#2576 - Dragon - Fri Feb 07, 2003 4:52 pm
Hi everyone.
I have decided to write a assembler for my college programming project. I have programmed a bit with the GBA, though never much liked the asm compilers I have used. Having knowledge on instruction-set processors and the idea of using an efficient asm compiler for the GBA has inspired me to design one.
Can anyone guide along this process? I can't seem to find very informative document on the ARM/Thumb instruction set that could aid me in my programming of the compiler. Id anyone has any links that could help me out, I would deeply appriciate it.
Thanks.
#2577 - jeff - Fri Feb 07, 2003 4:59 pm
Re-Ejected has a few sheets for the ARM/THUMB instruction sets that specify what each opcode is -- these are what I used (and Goldroad assembler to check) for my assembler. Be aware you'll need his version 2 for THUMB, as version 1 has several errors on it. You could also use ARM's data sheet which is huge, but very accurate (of course). I forget all the web addresses, but I'm sure someone else has them handy -- and you can get them all at the DOCS section of gbadev.org.
Actually, aside from parsing ARM instructions (which isn't that hard, just more painful than something like a Z80), writing an assembler for the ARM is very easy indeed.
If you have never written an assembler before, I'd suggest reading up on multi-pass assemblers.
Good luck!
Jeff
#2639 - Dragon - Sun Feb 09, 2003 9:46 pm
I am pressed for time and havent had much luck on learning about these multi-pass assemblers. Could sombody please give me a few links that could help me out? Anything that can help me write an ARM assembler would really be appriciated. Thanks.
#2652 - pelrun - Mon Feb 10, 2003 1:20 am
The actual *assembly* job is easy - once you work out what the instruction on a particular line is, you just look it up in a table and dump out the appropriate opcode, along with whatever operands were given.
The multiple-pass thing is not strictly necessary for the task of converting a mnemonic to it's opcode. What *does* require a second pass is when you have labels. And if you want to support macros then that needs a third pass.
How it works is this:
Pass 1: read through the source file and expand any macros found.
This may need multiple passes if you want your macros to nest...

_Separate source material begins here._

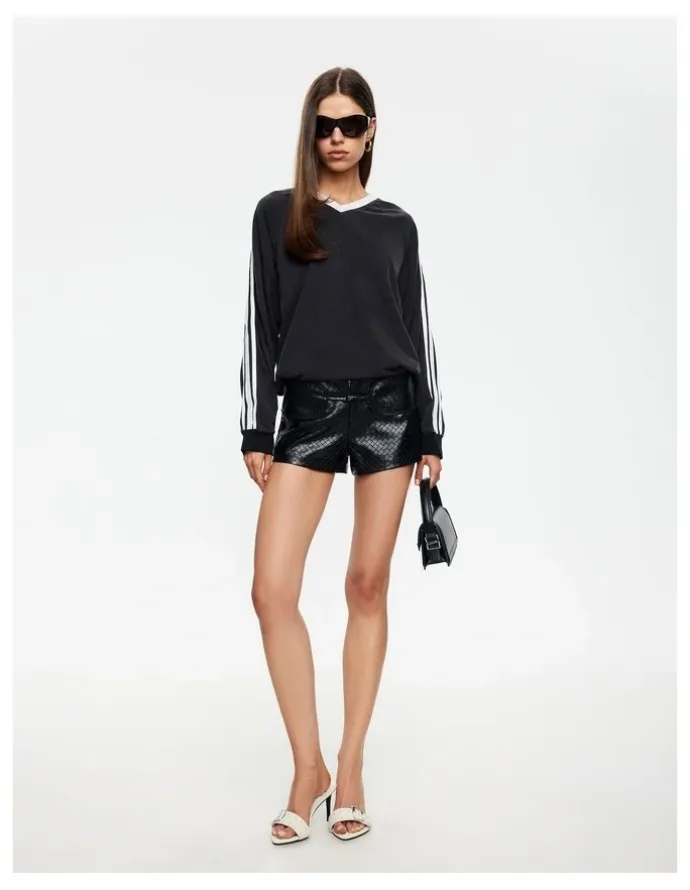 Lioness All Stars Long Sleeve Top in Black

Pass 2: "Assemble" the output from pass 1, but *don't* generate object code. Store all labels (and the current address you're "assembling to" when you encounter them) into a table.
You need to do this pass if you want to be able to use labels which are defined *after* the instruction that references them (a forward reference.) Otherwise, how are you supposed to know what address to substitute for the label when you haven't seen the label defined yet?
Pass 3: Assemble the output from pass 1 again, generating object code. When label references are encountered look up their address from the previously generated table.